Diantara Penyebab Masuk Neraka

(part 2)


Saudaraku! Telah kita pelajari pada serial sebelumnya bahwa ada faktor-faktor yang dapat menyebabkan seseorang masuk neraka dan kekal di dalamnya.
Maka, pada serial kali ini kita akan lanjutkan diantara penyebab masuk neraka namun tidak kekal di dalamnya. Orang-orang yang melakukannya masih dianggap mukmin, namun ia bermaksiat dengan dosa besar, sehingga akan disucikan dari dosanya di neraka, namun tidak kekal di dalamnya.


Diantara faktor-faktor tersebut adalah :

1. Durhaka kepada Orang Tua (salah satu atau keduanya).

Allah Subhanahu wa Ta’ala berfirman : 


وَقَضَىٰ رَبُّكَ أَلَّا تَعْبُدُوا إِلَّا إِيَّاهُ وَبِالْوَالِدَيْنِ إِحْسَانًا ۚ إِمَّا يَبْلُغَنَّ عِنْدَكَ الْكِبَرَ أَحَدُهُمَا أَوْ كِلَاهُمَا فَلَا تَقُلْ لَهُمَا أُفٍّ وَلَا تَنْهَرْهُمَا وَقُلْ لَهُمَا قَوْلًا كَرِيمًا

وَاخْفِضْ لَهُمَا جَنَاحَ الذُّلِّ مِنَ الرَّحْمَةِ وَقُلْ رَبِّ ارْحَمْهُمَا كَمَا رَبَّيَانِي صَغِيرًا

“Dan Tuhanmu telah memerintahkan supaya kamu jangan menyembah selain Dia dan hendaklah kamu berbuat baik pada ibu bapakmu dengan sebaik-baiknya. Jika salah seorang di antara keduanya atau kedua-duanya sampai berumur lanjut dalam pemeliharaanmu, maka sekali-kali janganlah kamu mengatakan kepada keduanya perkataan "ah" dan janganlah kamu membentak mereka dan ucapkanlah kepada mereka perkataan yang mulia {23} Dan rendahkanlah dirimu terhadap mereka berdua dengan penuh kesayangan dan ucapkanlah: "Wahai Tuhanku, kasihilah mereka keduanya, sebagaimana mereka berdua telah mendidik aku waktu kecil” {24} (QS. Al-Israa: 23-24)


Juga pada ayat lainnya :

أَنِ اشْكُرْ لِي وَلِوَالِدَيْكَ إِلَيَّ الْمَصِيرُ

“Bersyukurlah kepada-Ku dan kepada dua orang ibu bapakmu, hanya kepada-Kulah kembalimu” (QS. Luqman: 14)

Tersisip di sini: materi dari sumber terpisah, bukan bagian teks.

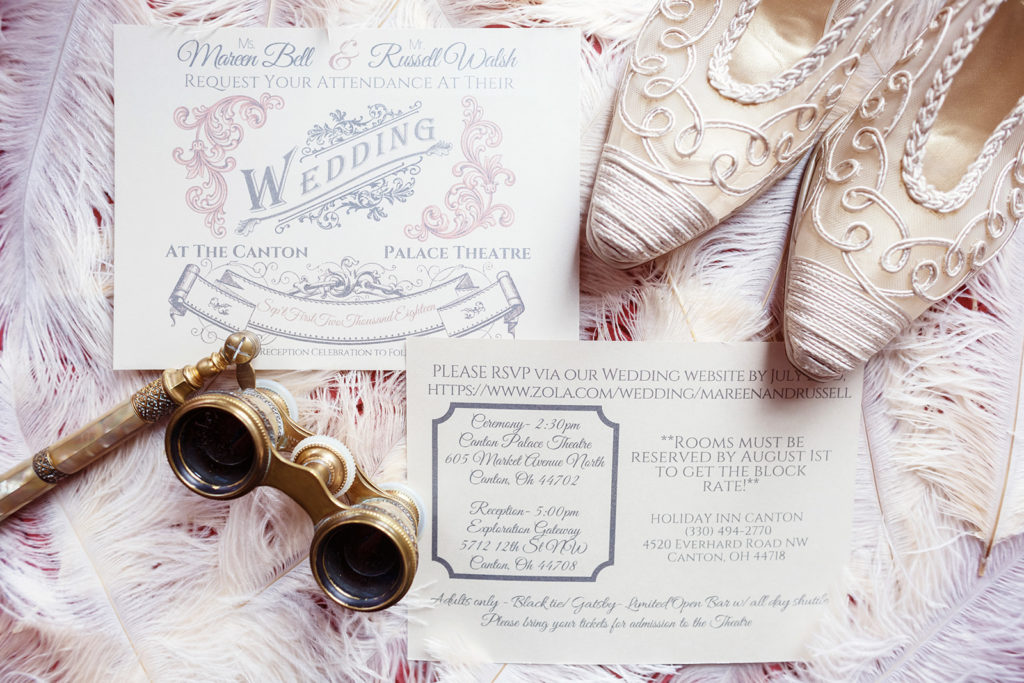 1920s Vintage Theater Wedding | Blush Pink Decor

Kemudian Nabi shallallahu ‘alaihi wa sallam bersabda :

ثلاثةٌ قد حرَّم اللهُ عليهمُ الجنةَ : مُدمنُ الخَمْرِ والعاقُّ لِوَالِدَيْهِ والديُّوثُ الذي يُقرُّ في أهلهِ الخبَثَ

“Tiga golongan manusia yang Allah mengharamkan surga bagi mereka, yaitu pecandu khamr, orang yang durhaka kepada kedua orang tuanya, dan dayyuts yang membiarkan kefasikan dan kefajiran dalam keluarganya” (HR. Ahmad, An-Nasaai)

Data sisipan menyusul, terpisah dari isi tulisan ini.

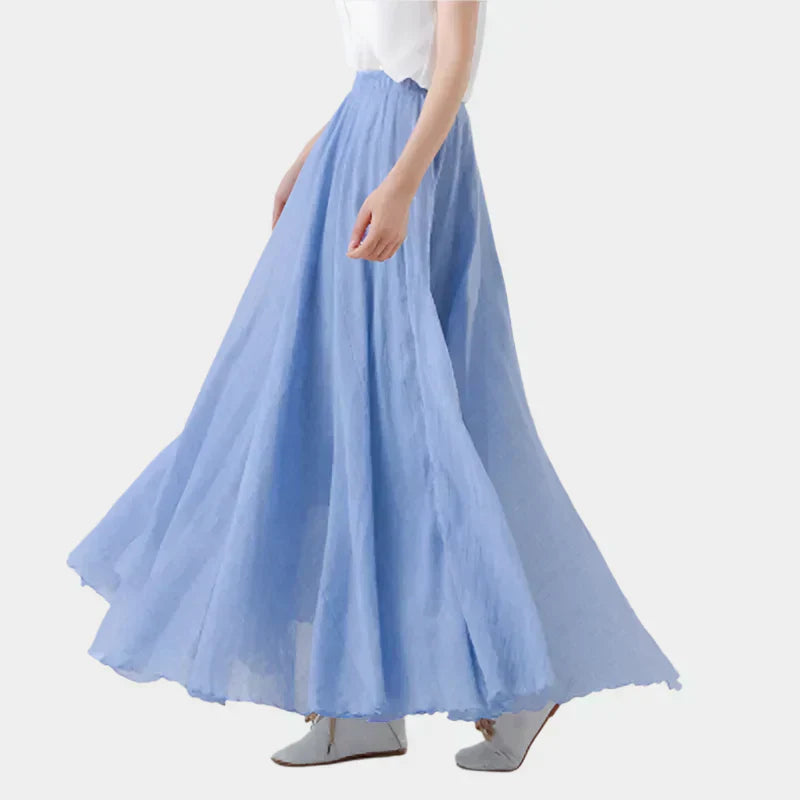 Kristýna Elegantní Vysoký Pas Dlouhá Sukně Lehké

2. Pemutus tali kekerabatan (kekeluargaan).

Berdasarkan hadits Nabi shallallahu 'alaihi wa sallam yang menyatakan bahwa pemutus silaturrahim tak akan masuk Surga.

لا يدخلُ الجنةَ قاطعُ

“Tidak akan masuk surga orang yang memutus silaturahim” (HR. Bukhari 5983, Muslim: 2556)

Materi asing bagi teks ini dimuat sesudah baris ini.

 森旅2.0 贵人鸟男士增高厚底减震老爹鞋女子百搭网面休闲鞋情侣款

Disebutkan dalam Shahih Al Bukhari dan Muslim bahwa Nabi shallallahu 'alaihi wa sallam bersabda bahwasanya Rahim akan berdiri dihadapan Allah kemudian berkata "Inikah tempat perlindungan dari pemutusan silaturrahim?", Allah Ta'ala berfirman "Benar! Tidakkah engkau ridha bahwa Aku akan menyambung siapa saja yang menyambungmu dan memutus siapa saja yang memutusmu?", Rahim berkata "Tentu", Maka Allah Azza wa Jalla berfirman "Itulah hakmu". Kemudian Rasulullah shallallahu 'alaihi wa sallam membacakan firman Allah :

فَهَلْ عَسَيْتُمْ إِنْ تَوَلَّيْتُمْ أَنْ تُفْسِدُوا فِي الْأَرْضِ وَتُقَطِّعُوا أَرْحَامَكُمْ

أُولَٰئِكَ الَّذِينَ لَعَنَهُمُ اللَّهُ فَأَصَمَّهُمْ وَأَعْمَىٰ أَبْصَارَهُمْ

“Maka apakah kiranya jika kamu berkuasa kamu akan membuat kerusakan di muka bumi dan memutuskan hubungan kekeluargaan? {22} Mereka itulah orang-orang yang dilaknati Allah dan ditulikan-Nya telinga mereka dan dibutakan-Nya penglihatan mereka” {23} (QS. Muhammad: 22-23)


Kenyataan memprihatinkan di masa kini banyak diantara manusia melalaikan hak orang tua dan hak kekerabatan bahkan memutuskannya.
Mereka beralasan bahwa kerabat mereka yang terlebih dahulu memutuskan tali kekerabatan, bahkan tidak menunjukkan sikap yang baik saat ingin disambung tali kerabatan dengan mereka.
Ketahuilah bahwa di saat manusia berbuat baik saat orang lain berbuat baik kepadanya, itu adalah sikap yang sudah seharusnya, tidaklah istimewa. Begitu pula saat seseorang menyambung silaturahim karena kerabatnya menyambungnya terlebih dahulu, itu disebut mukafi (berbalas sikap baik) dan belumlah disebut menyambung silaturahim.
Hal itu hanyalah saling membalas dan memang sudah demikian seharusnya, oleh karena itu, setiap kita harus memahami bahwa menyambung tali kekerabatan itu karena perintah Allah bukan karena membalas kebaikan kerabat atau membalas perlakuan sambung silaturahim mereka semata.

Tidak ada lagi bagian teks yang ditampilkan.